Tilt Five glasses are for tabletop mixed reality. The glasses have two HD micro-projectors that project out to a special retro-reflective game board creating a volumetric, holographic display.

Wearers can still see the physical world around them, allowing for truly shared experiences. Due to the nature of the retro-reflective material, each wearer has their own unique, and private, view. Multiple wearers can be around the same game board at the same time, with each wearer having their own perspective.

There are two tracking cameras in the glasses, one for head tracking and one for tracking tangible objects, such as playing cards, tokens, figurines and even hands. The tangible tracking camera will be accessible to developers who wish to use their own tracking algorithms to create mixed reality experiences for their games.

The glasses will have latency under 6 milliseconds, providing for stable images. Due to the nature of projected AR, with the utilization of the retro-reflective material, the glasses don’t suffer from screen-door effect or fixed focus issues. Focus is correct over all distances, from within centimeters to a few meters away from the game board, providing a real sense of presence, and allowing for comfortable tabletop experiences and hours of play.

The glasses will come with a variety of nose pieces to accommodate different nose shapes and to allow the Tilt Five glasses to be worn over prescription glasses. A 6DoF wand and retro-reflective game board come with the glasses, rounding out the Tilt Five system. Other game controllers can be used with the system as well.

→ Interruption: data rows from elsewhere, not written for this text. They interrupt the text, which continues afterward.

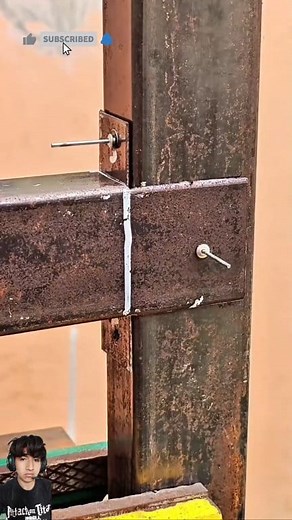 39K views · 170 reactions | Como ensamblar perfiles con remaches #herreria | The Roku | Facebook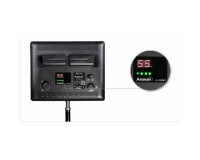 Aputure Lampa diodowa LED AMARAN AL-528S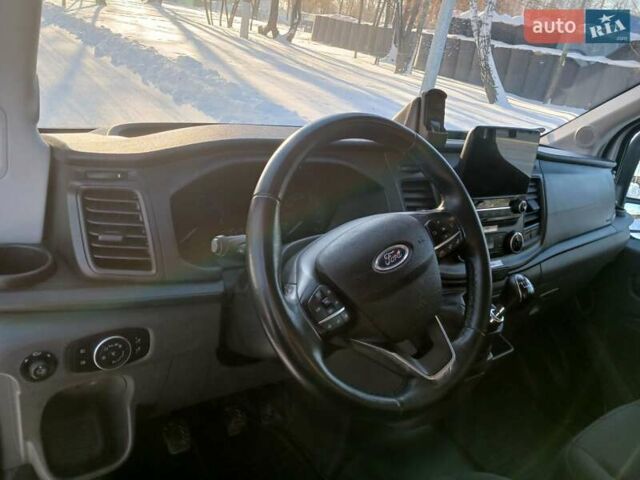 Білий Форд Транзит, об'ємом двигуна 0 л та пробігом 166 тис. км за 17900 $, фото 16 на Automoto.ua
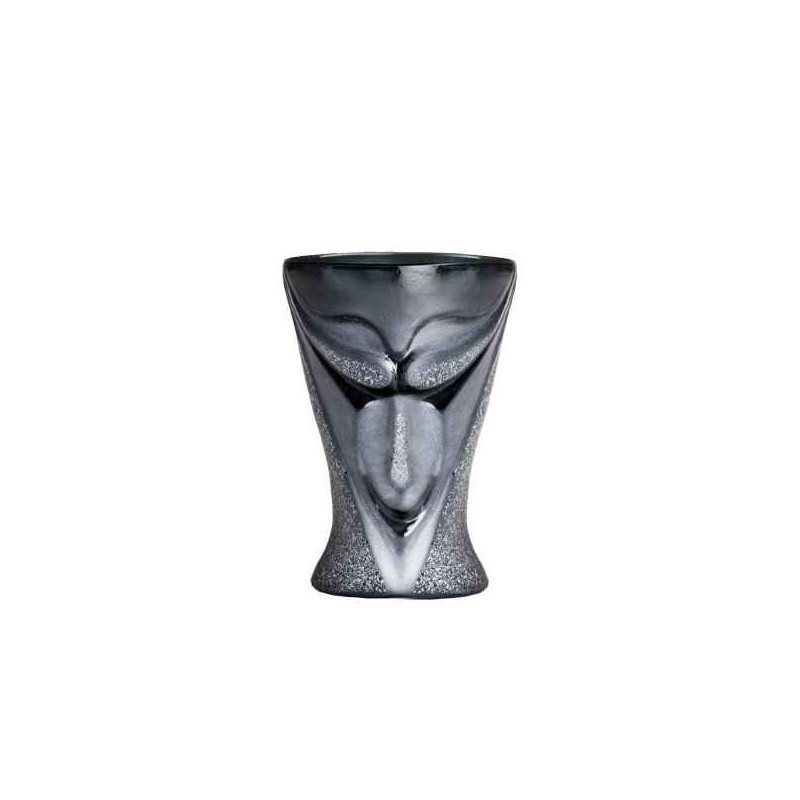 Décoration animaux en verre Lucifer, schnaps , noir, 2- pack ( 42006 ) Mats Jonasson -42007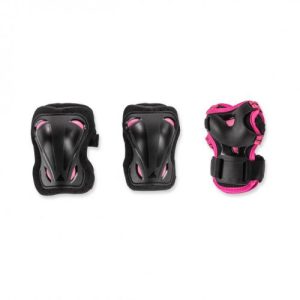 Комплект захисту Rollerblade Skate Gear Junior Pink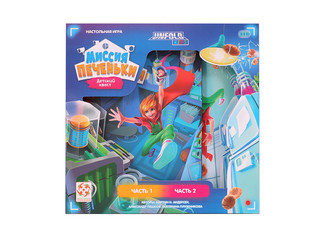 Настольная игра 'Миссия печеньки', Стиль жизни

The glasses can connect to a mobile device, tablet, or PC via USB 3.0. Windows 10, Linux, and select Android devices will be supported at launch. Additional platforms will be added shortly after launch. The Tilt Five SDK exposes C APIs for native code on all supported host platforms. As well, plug-ins will be provided to developers using Unity 5.5+ or Unreal Engine 4.

Hands-on demo

Above: Watch out for that ogre! 

Image Credit: Tilt Five

Ellsworth showed me a working system that had very good 3D graphics. I was able to view some demos like a Marble Madness-like game where you could tilt a playing field and roll marbles across it. And I played around with a wand, which I could use to grab little cubes and spawn new ones. Everything worked fine.

I didn’t see anything as you can see in some of these pictures, but the images were sharp.

I could see my hands and the world around me while I looked through the glasses.

“We like to say we are compatible with pizza, as you can see your hands with our headset on,” Ellsworth said.

The plan ahead

Above: Tilt Five

Image Credit: Tilt Five

Ellsworth has raised a little money but she is not planning to go the same route with venture capitalists, as she did before. The company plans to ship beta glasses to its crowdfunding supporters in February and then final glasses in the second quarter of 2020.

The new hardware is based on CastAR’s technology, but Ellsworth has been better putting cheaper and faster components into the system. The glasses can now plug into standard Android smartphones via USB wires.

“I changed a bunch of stuff,” Ellsworth said. “So the projectors are higher quality. You can see the edges really well. We’re able to reduce the cost down a lot.”

The company has about a half-dozen developers supporting it and is working on getting another dozen. Tilt Five has about a half-dozen games ready.

“The big difference between here and CastAR is that they made us go super wide,” Ellsworth said. “Then we lost our identity. We’re really focused on tabletop entertainment today.”